Death on Stage

Brad Pontius

  • OnStage New York Columnist

When was the last time you saw or were involved with a show in which one or more characters died? It can be offstage, it can be onstage, or it can even be revealed through exposition later on but the chances are that it was pretty recent. Death is one audition that eventually everyone gets a part for. It’s inevitable, and so it’s something that makes its way into many stories. That being said death can sometimes feel like almost a lazy way to end a character’s arc. So let’s discuss why!

One goes to the theatre to live life vicariously through the characters onstage. When they are upset, the audience sympathizes. Likewise when they’re happy, or distraught, or even downright murderous. People come to see shows because they want to become immersed in the foibles of these (usually) fictional characters and lose themselves to the ecstasy of experiencing through another living human. That is certainly why theatre means more to some people than cinema or paintings. Why try to get the art to speak to your soul, after all, when an actor can actually talk to you in person. This is why Death can be so horrifically upsetting on the stage. You are witnessing the last breath leave the character – even though secretly we all know that the actor will stand up for the bows later and relive the same death later in an almost bizarre, macabre cycle reliving the same moment each night.

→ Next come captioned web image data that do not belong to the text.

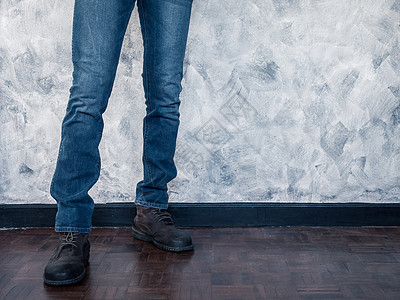 穿着牛仔裤和木制地板靴子的曼腿紧贴处 免费文字空间男性皮革鞋带蓝色裤子鞋类牛仔布男人地面衣服背景图片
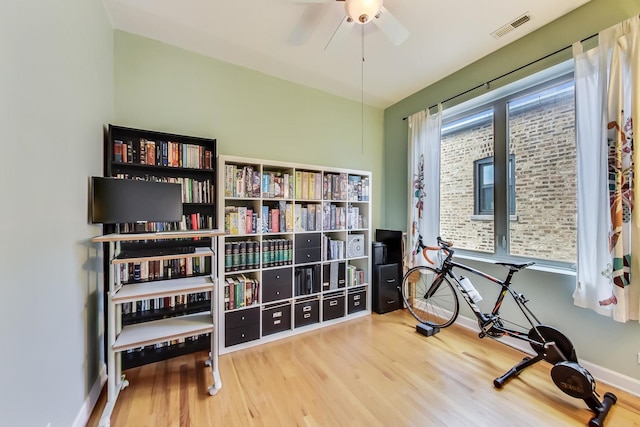 workout area with wood finished floors, baseboards, ceiling fan, and visible vents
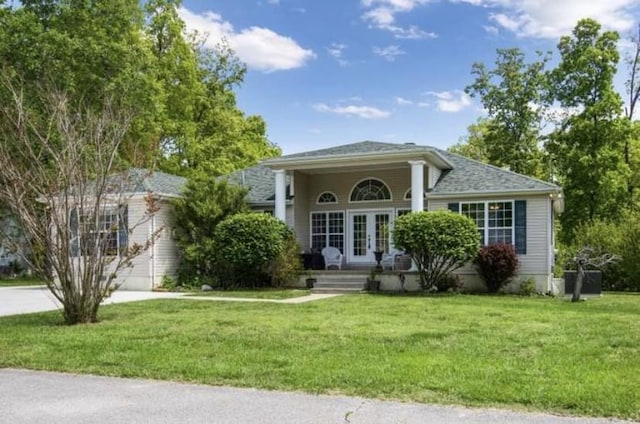 380 Station Dr, Waverly, TN 37185 - view of front of house with french doors and a front lawn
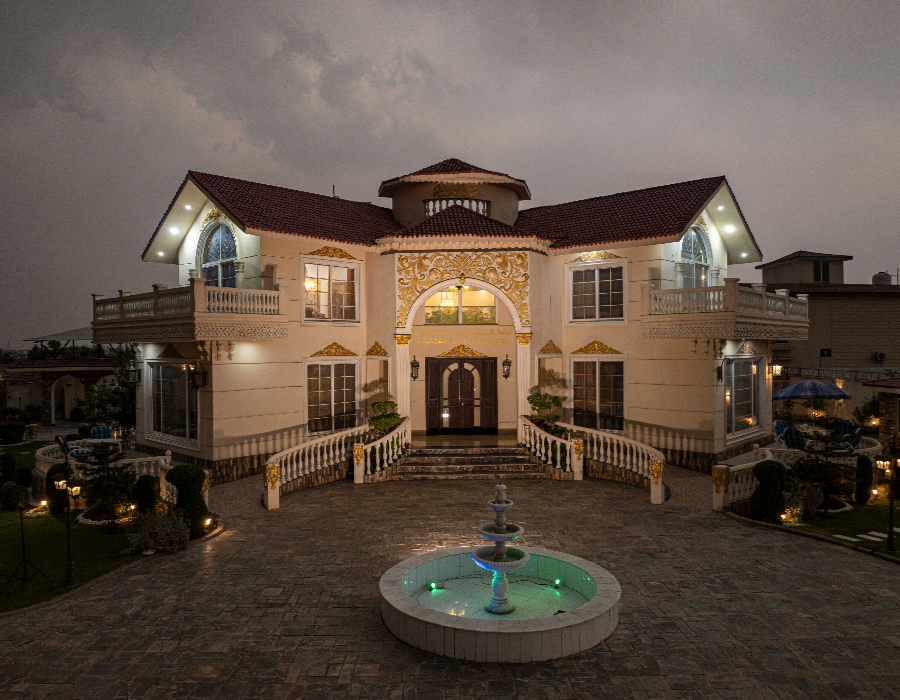 Luxury farmhouse exterior with fountain at night, ideal private photoshoot venue in Islamabad with elegant architecture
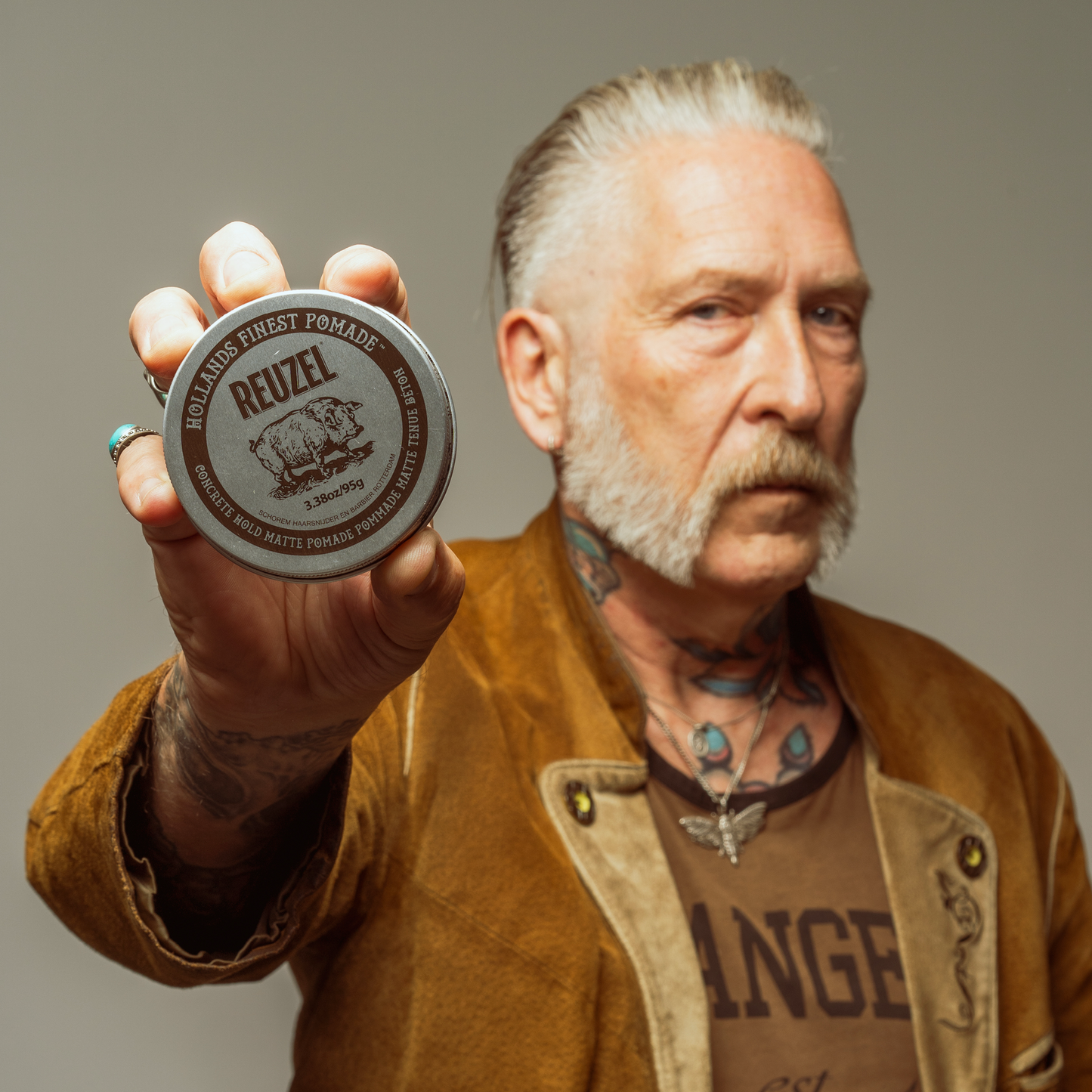 Reuzel Deutschland Concrete Hold Matte Pomade jar with black label and metallic lid, showing the product front view.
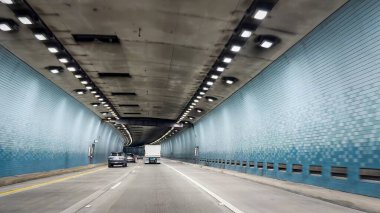 Kaneohe, USA - April 2, 2024: Inside to Tetsuo Harano Tunnel on Interstate H-3 highway called John A. Burns Freeway driving west on the Hawaiian island of Oahu, USA clipart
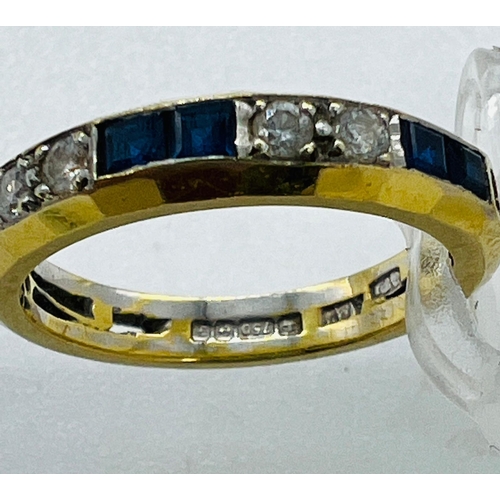 519 - A sapphire and diamond eternity style ring in 18ct gold, approximate size L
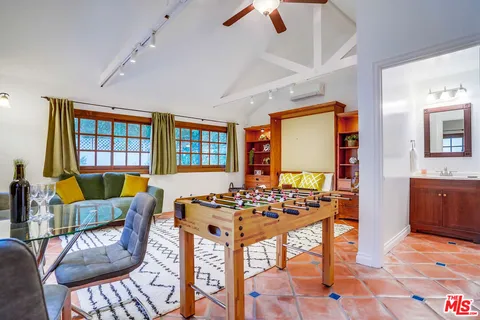 a bathroom with a shower a sink and a mirror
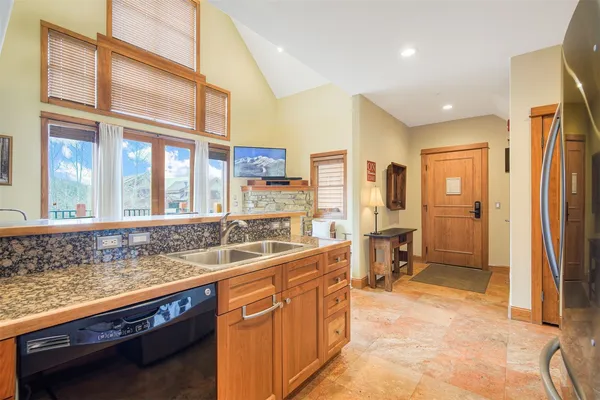 a large kitchen with kitchen island a large window a sink and stainless steel appliances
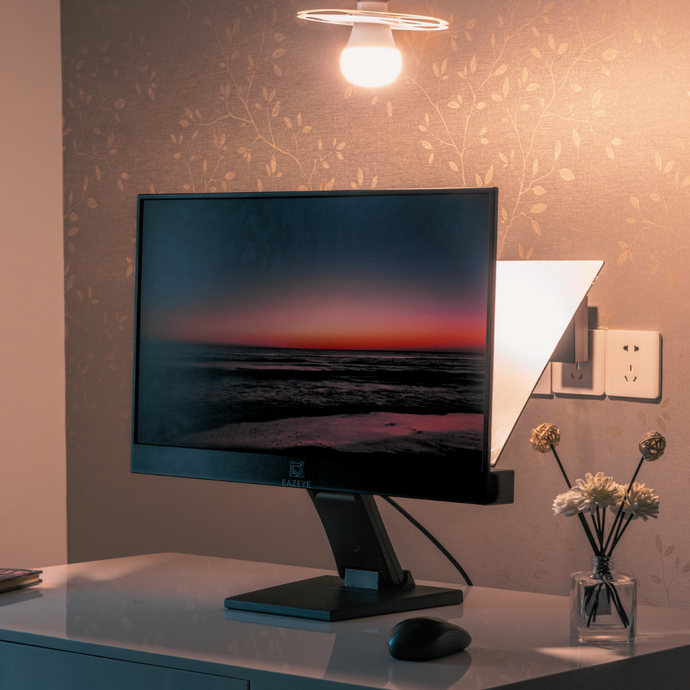 Eazeye Monitor 1 adapting to warm overhead light, naturally backlit display reacting to ambient light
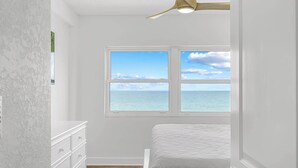 Ein Schlafzimmer mit Meerblick, einem Deckenventilator und einer weißen Kommode.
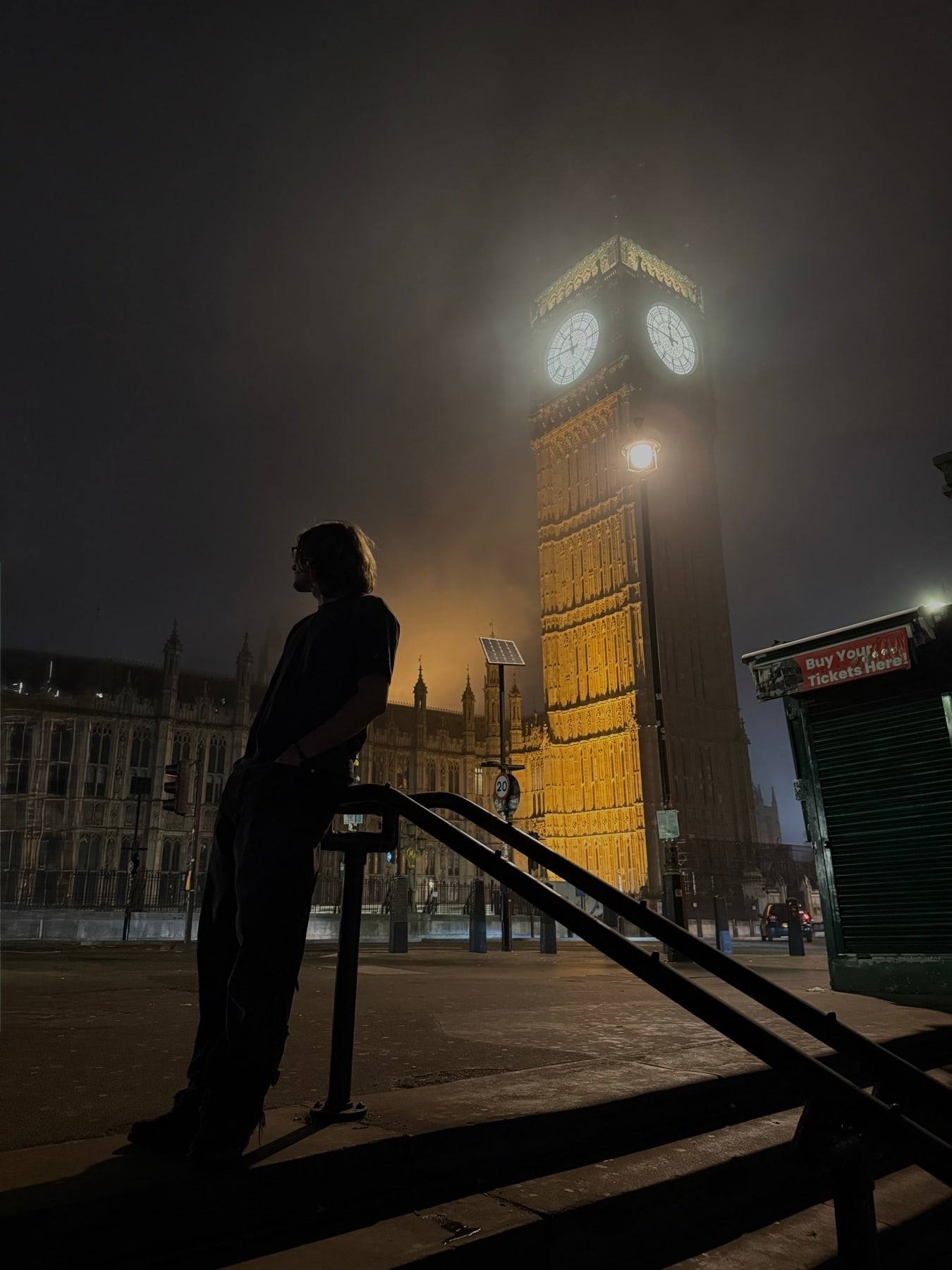 Big Ben glowing in fog at night, with Sinclair in silhouette on a stair rail.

So why might it be better to rip this particular emotional attachment away from the audience and present something else? That can be explained in one word: “Consequences”. Death is the final word. It’s the final bow for the character rather than the actor. You no longer get to see how they react. It’s done. To better explain, I pose a scenario. A play is produced in which one of the main characters attempts suicide half-way through. He is successful and the other characters must deal with his decision to take his own life. This is strong for the other characters and can drive a good deal of drama in innumerable ways. You see the heartbreak, the anger, the loneliness from the other characters. Sounds like a good but sad story, yes? Now take away the death but keep the suicide attempt. He fails and is still somehow alive. Suddenly you get to keep every inch of the horror from the other characters but now you also see the crushing arc presented by the main character. Now suddenly he has to deal with everything. And I do mean everything! What is his relationship with his friends now? What about his close family? Is he physically hampered now by this attempt? What is his view mentally and how do we see that?

Now suddenly you have all of the drama, but you have added a layer of tension that will preside thickly over the rest of the play. Hell, you could even have that happen at the end of a play and show the struggle leading up to that fateful moment – and then all of that tension is implied after the play and you leave the audience thinking about what comes next. The build-up alone is going to be huge. You leave them wanting more, because they just need to know what the end really is. It gives the characters more than life on the stage, it gives them life beyond the play. It lets the character’s story extend beyond the two plus hours they are allowed to breathe on stage.

Allow the characters to live not just on stage, but also to have life surrounding the play. Taking death away completely from plays would be a mistake. It can still be utilized as a great end to many characters. But in working with or writing new work for the stage, remember that it will almost always be more powerful to see someone struggle rather than see them in a casket.

Death can, conversely, also craft a better play with the demise of supporting characters. Just look at the brilliantly grim story arc in Heathers: The Musical. Granted it’s based off a film, but the numerous deaths that occur within this musical are huge. They not only build up tension to what the audience believes will be a bloody climax, but it also lends itself to the audience. We are not sad to see the characters pass, we’re actually kind of elated for some of them to die – they’re genuinely bad people and you end up rooting for the main characters, at least until the end. And then, of course, there is Sweeney Todd, a great musical so drenched in blood that you could consider it in the ‘Slasher’ genre. Here you can see the death of so many supporting characters that it’s actually justified when Sweeney himself gets a shave. His own tragic descent and demise creates a paradox. The only possible way for his arc of killing and vengeance is to himself die.

As is usually the case with theatre, things work sometimes and do not work others. Death, one of those great and terrifying things that is common among all humans, will always play into humanity’s fears. Whether it is a supporting part or a major role may vary from person to person, but this much is true for theatre: Death should be handled with tact and adherence to the story to make a better impact on the audience.